Share this @internewscast.com
India-born billionaire industrialist Pallonji Mistry, who died on Tuesday at age 93, led the 156-year-old Shapoorji Pallonji group that built such landmarks as the Reserve Bank of India building in Mumbai and the palace of the Sultan of Oman.
Mistry chaired the SP Group, with interests ranging from construction and real estate to energy, until 2012, when he handed over charge to his older son Shapoor Mistry. The group employs more than 70,000 people.
Mistry, who belonged to the Parsi community, drew the bulk of his $15 billion fortune from being the single largest shareholder with an 18.4% stake in Tata Sons, the holding outfit of the Tata group. The sprawling conglomerate, with 30 companies, had revenue of $128 billion in the year ended March 2022.
Indian Prime Minister Narendra Modi said Mistry “made monumental contributions to the world of commerce and industry.”
Smirti Irani, India’s minister for women and child development, tweeted that it was the “end of an era.” She added that “one of life’s greatest joys was to have witnessed his genius, his gentleness at work.”
The SP Group said Mistry “embodied the Zoroastrian virtues of ethics, integrity, fair play in all dealings and being sympathetic and generous to those sections of society less fortunate and in need of any manner of help.”
Mistry began his 65-year business career when he joined his family’s construction business in 1947 at the age of 18. In the late 1960s, Mistry expanded overseas when he won the contract to build the palace of Sultan Qaboos bin Said al Said in Muscat. In 1975, when the palace was showcased to the world it, “became the gateway of trust and opportunity for other Indian companies to dare to venture abroad,” the SP Group said.
In 1975, Mistry took charge of the company after his father’s death and continued the overseas expansion. Mistry entered Africa and is credited with several iconic projects there, including the president’s office in Ghana and the Ebene IT Park in Mauritius.
Vaccine billionaire Cyrus Poonawalla, a friend of the Mistry family and a fellow Parsi, said Mistry “had an illustrious business career marked by a pioneering spirit. He built on his family’s legacy to establish the group’s presence overseas.
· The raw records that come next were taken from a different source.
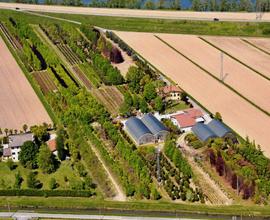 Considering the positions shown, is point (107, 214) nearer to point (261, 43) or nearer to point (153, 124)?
point (153, 124)

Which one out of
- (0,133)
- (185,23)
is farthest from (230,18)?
(0,133)

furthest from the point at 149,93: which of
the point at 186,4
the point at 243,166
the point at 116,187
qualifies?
the point at 186,4

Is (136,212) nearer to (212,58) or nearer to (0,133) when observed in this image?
(0,133)

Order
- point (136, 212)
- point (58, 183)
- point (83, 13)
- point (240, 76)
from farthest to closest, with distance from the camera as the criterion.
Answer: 1. point (83, 13)
2. point (240, 76)
3. point (58, 183)
4. point (136, 212)

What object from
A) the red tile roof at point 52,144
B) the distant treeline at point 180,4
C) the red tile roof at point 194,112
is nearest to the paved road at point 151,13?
the distant treeline at point 180,4

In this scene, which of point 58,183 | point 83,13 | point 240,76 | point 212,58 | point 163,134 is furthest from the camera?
point 83,13

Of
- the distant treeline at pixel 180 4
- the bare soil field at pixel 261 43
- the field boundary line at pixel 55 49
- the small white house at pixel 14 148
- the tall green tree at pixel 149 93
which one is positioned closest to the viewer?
the small white house at pixel 14 148

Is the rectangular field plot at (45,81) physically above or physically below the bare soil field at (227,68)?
below

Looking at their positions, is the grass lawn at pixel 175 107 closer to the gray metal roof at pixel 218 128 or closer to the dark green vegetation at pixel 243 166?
the gray metal roof at pixel 218 128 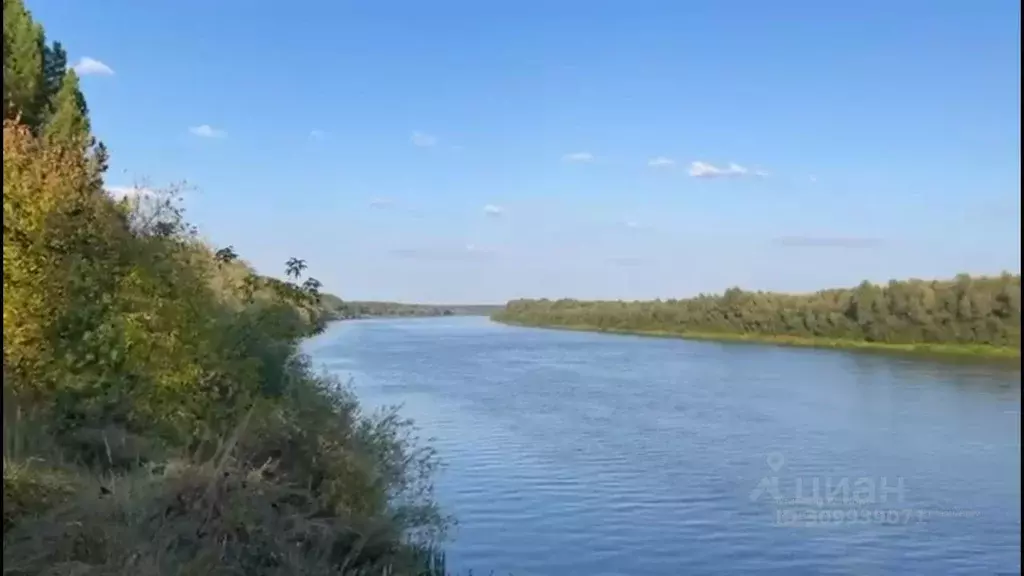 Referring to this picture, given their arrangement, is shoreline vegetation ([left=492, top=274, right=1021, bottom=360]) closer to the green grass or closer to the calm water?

Despite his achievements, he remained a low-key person.”
Mistry’s twilight years were marked by feuding with business legend Ratan Tata, who had chosen Mistry’s younger son Cyrus to succeed him as chairman of Tata Sons in 2011. Until his son’s appointment, Mistry had kept a low profile as a friendly investor in the group. He came to be known as “The Phantom of Bombay House,” a reference to the Tata Group’s headquarters in South Mumbai.
The chemistry between Tata and Cyrus Mistry didn’t work, and Cyrus was ousted in 2016. This was the start of a legal battle between the Tatas and the Mistry family. In March 2021, the Supreme Court ruled that the dismissal was fair and set aside a National Company Law Appellate Tribunal order of 2019 to reinstate Cyrus Mistry as executive chairman.
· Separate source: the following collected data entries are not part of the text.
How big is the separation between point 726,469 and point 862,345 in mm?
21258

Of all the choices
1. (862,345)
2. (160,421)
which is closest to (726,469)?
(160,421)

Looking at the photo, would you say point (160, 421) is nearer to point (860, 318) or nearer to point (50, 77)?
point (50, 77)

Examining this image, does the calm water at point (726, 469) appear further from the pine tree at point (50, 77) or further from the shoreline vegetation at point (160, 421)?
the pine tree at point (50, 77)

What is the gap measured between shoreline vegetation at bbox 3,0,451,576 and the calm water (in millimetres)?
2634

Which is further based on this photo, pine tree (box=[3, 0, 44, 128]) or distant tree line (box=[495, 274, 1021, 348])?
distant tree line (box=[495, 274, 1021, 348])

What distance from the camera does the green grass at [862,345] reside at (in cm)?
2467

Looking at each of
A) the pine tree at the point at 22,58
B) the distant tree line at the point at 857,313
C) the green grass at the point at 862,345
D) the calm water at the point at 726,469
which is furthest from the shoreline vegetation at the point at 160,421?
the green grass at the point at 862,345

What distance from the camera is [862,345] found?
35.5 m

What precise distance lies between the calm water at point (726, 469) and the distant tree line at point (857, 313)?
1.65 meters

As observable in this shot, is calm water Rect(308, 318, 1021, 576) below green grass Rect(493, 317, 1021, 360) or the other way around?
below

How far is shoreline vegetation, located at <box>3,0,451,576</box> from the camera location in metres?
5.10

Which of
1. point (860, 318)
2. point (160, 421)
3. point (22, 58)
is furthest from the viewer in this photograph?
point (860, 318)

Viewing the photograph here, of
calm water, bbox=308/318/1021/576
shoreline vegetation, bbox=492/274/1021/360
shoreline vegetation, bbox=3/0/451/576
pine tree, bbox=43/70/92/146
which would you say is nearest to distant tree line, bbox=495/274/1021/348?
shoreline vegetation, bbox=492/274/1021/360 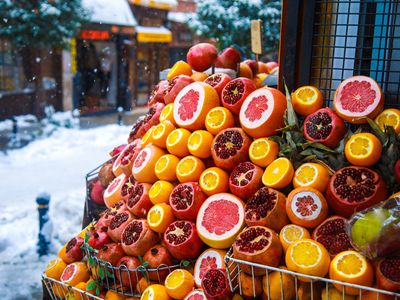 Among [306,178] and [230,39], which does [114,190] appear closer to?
[306,178]

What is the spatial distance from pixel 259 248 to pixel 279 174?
39 cm

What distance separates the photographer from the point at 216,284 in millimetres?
1798

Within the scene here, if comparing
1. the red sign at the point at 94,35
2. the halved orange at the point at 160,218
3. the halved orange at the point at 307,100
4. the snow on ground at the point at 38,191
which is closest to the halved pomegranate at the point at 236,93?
the halved orange at the point at 307,100

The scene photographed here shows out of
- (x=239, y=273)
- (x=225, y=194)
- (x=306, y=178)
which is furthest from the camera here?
(x=225, y=194)

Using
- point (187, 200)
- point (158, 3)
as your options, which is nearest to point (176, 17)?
point (158, 3)

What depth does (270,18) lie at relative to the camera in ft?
34.9

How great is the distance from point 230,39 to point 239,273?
9.71 metres

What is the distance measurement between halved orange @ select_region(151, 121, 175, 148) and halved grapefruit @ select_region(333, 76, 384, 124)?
94 cm

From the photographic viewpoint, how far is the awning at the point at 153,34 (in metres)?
17.5

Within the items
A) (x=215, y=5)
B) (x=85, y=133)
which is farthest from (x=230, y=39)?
(x=85, y=133)

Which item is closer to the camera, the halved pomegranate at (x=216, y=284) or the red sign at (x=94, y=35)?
the halved pomegranate at (x=216, y=284)

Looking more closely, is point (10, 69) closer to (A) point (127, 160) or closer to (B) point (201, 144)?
(A) point (127, 160)

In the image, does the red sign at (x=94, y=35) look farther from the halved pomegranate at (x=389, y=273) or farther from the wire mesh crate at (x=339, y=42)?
the halved pomegranate at (x=389, y=273)

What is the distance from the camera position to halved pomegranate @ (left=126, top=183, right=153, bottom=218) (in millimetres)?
2309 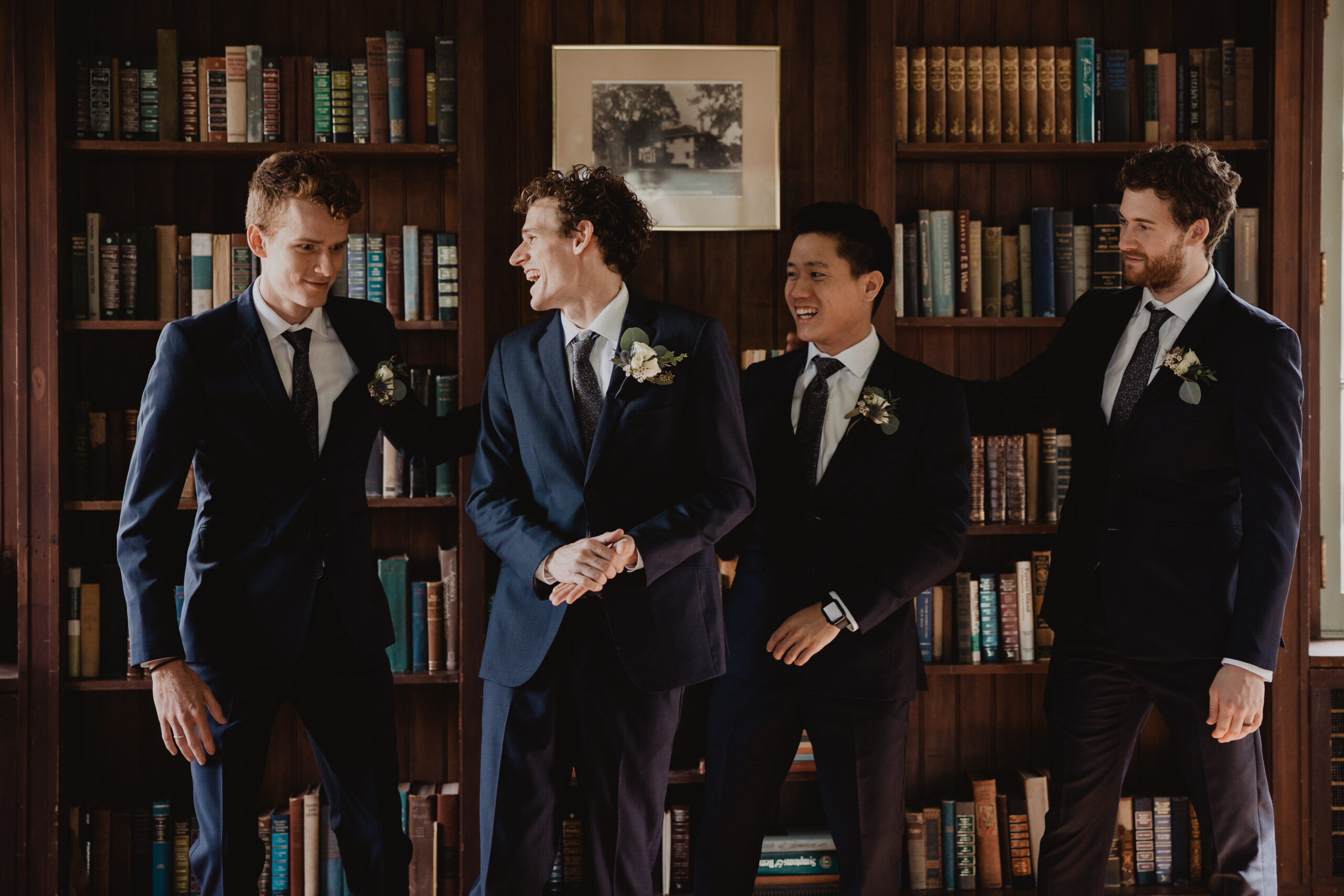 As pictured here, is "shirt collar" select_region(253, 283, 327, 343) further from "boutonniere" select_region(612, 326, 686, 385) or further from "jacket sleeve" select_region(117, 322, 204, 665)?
"boutonniere" select_region(612, 326, 686, 385)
The pandemic proved be a challenge for SP group, which was weighed down by borrowings and sought to restructure its debt. That forced the group to sell off stakes in some core assets such as consumer durables business Eureka Forbes and renewable energy outfit Sterling Wilson Renewable Energy. It emerged from restructuring in April 2022 after paying 120,000 million rupees ($1.6 billion) as a one-time settlement to 22 creditors.
In 2016, the Indian government gave Mistry the Padma Bhushan award for his contribution to Indian industry. He is survived by his wife Patsy, his two sons and daughters Laila and Aloo, who is married to Noel Tata, Ratan Tata’s half-brother. Mistry gave up his Indian citizenship in 2003 to become an Irish citizen and was listed under that country in Forbes World’s Billionaires List.